DATA PROVIDED Block Start
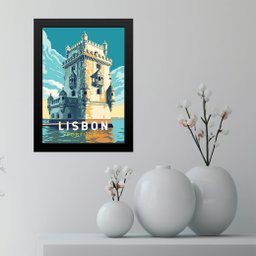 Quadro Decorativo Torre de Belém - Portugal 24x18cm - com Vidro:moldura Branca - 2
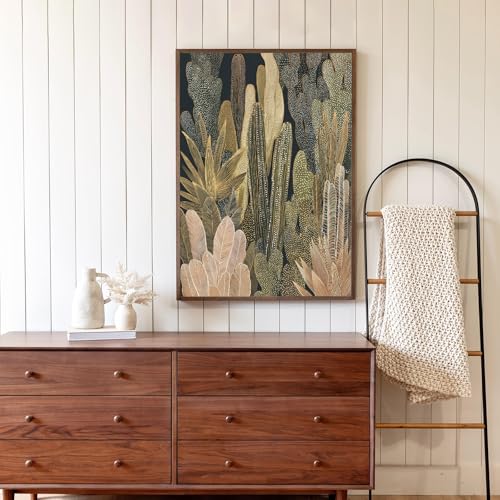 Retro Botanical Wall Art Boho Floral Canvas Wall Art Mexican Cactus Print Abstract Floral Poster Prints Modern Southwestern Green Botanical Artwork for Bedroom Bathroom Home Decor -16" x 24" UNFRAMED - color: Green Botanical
DATA PROVIDED Block End
DATA PROVIDED Block Start
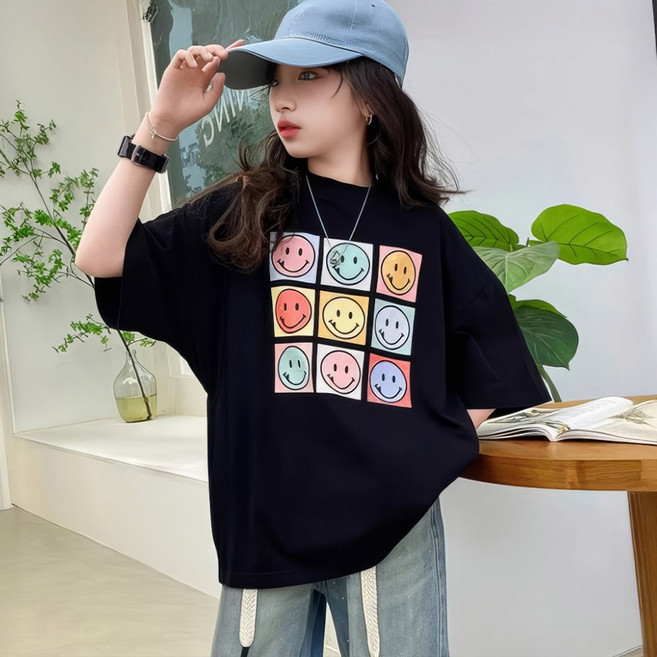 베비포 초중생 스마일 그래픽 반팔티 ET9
DATA PROVIDED Block End
DATA PROVIDED Block Start
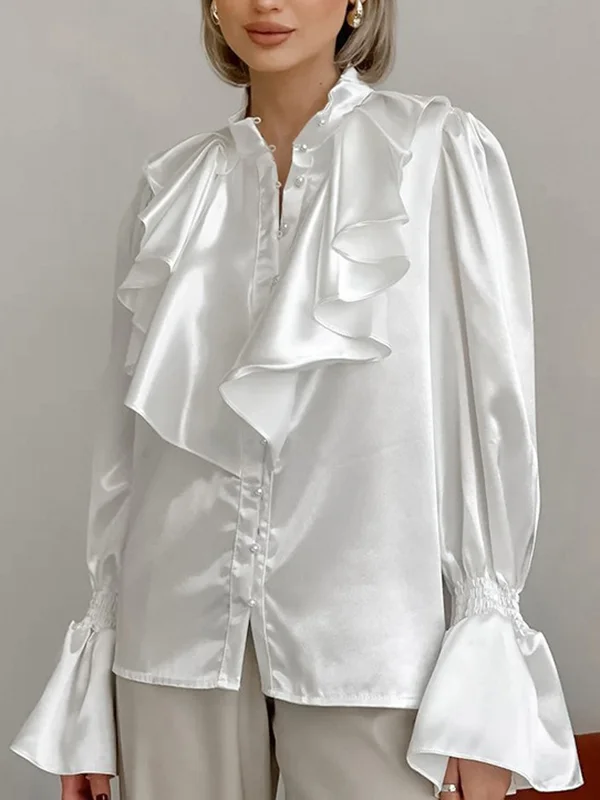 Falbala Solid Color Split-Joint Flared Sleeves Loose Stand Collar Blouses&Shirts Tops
DATA PROVIDED Block End
▸ **ASSIGNMENT**
In the listing above, find the line with "Quadro Decorativo Torre" and the line with "Retro Botanical Wall". Set down both and every line between them, minus the pictures.

▸ **THE ANSWER**
 Quadro Decorativo Torre de Belém - Portugal 24x18cm - com Vidro:moldura Branca - 2
 Retro Botanical Wall Art Boho Floral Canvas Wall Art Mexican Cactus Print Abstract Floral Poster Prints Modern Southwestern Green Botanical Artwork for Bedroom Bathroom Home Decor -16" x 24" UNFRAMED - color: Green Botanical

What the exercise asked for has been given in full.